LOAD CSV clause is especially useful when you need to import a lot of data from systems that support export to CSV files, for example, when switching from antiquated identity and access management systems.

Hat-trick of problems with LOAD CSV

As mentioned above, LOAD CSV works by loading rows one by one and binding content to the variable specified in the query.

There are a few things to keep in mind when the LOAD CSV Cypher query is executed, as they directly influence the occurrence and resolution of memory consumption and performance issues during the import with this query.

Delta objects

From Memgraph 2.7, the default storage mode is called IN_MEMORY_TRANSACTIONAL. Transactional mode is fully ACID compliant and built upon a research paper called Fast Serializable Multi-Version Concurrency Control for Main-Memory Database Systems. In short, in the transactional storage mode, Memgraph creates in-place modification of the object, i.e., vertex. For each corresponding change, one delta object is created. Delta objects can be used to restore the database to an older state. Each transaction stores all the changes which happened during its lifetime. Transactions can’t see changes made by other transactions, and they operate in isolation. Delta objects also ensure atomicity, consistency, and durability.

What’s important to note is that for each change inside the transaction, an additional object is created, the size of which is 104B.

One transaction

When the data is imported using the LOAD CSV clause, importing one file is done as one transaction. This means that Memgraph will hold a lot of memory inside this one transaction for the whole system to work properly and for Memgraph to support multi-version concurrency control by creating deltas.

A lot of data

Usually, when importing data to move from other systems, a CSV file can contain a lot of rows, up to a few million, and each file can contain up to a few GBs of data. A lot of data means a lot of changes happening from Memgraph’s point of view.

Bigger picture

As you might have guessed by now, a combination of the above points can make Memgraph “stressed” under such conditions.

stressed memgraph

Another important factor is that importing large amounts of data usually happens at the start-up of the database. During that time, it’s highly unlikely that any analytical transaction will take place as there is no data inside Memgraph. This would mean that ACID compliance is not really necessary for data import, and that is why Memgraph 2.7 enables you to import data without experiencing memory issues and performance degradations by switching off the creation of unnecessary delta objects before starting the data import. This new storage mode is called analytical mode, which is a solution to the above problems.
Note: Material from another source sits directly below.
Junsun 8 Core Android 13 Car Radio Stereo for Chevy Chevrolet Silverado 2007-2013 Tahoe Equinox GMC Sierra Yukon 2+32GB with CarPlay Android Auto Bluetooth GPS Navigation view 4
A lot of data can be imported with the LOAD CSV clause, which means a lot of delta objects are created during one transaction. But Memgraph still consumed more than the appropriate amount of memory, and the performance was poor. Memory consumption would skyrocket even when importing small files of 100MBs, and performance would degrade when importing CSV files with many columns. And in some cases, those two worlds collided.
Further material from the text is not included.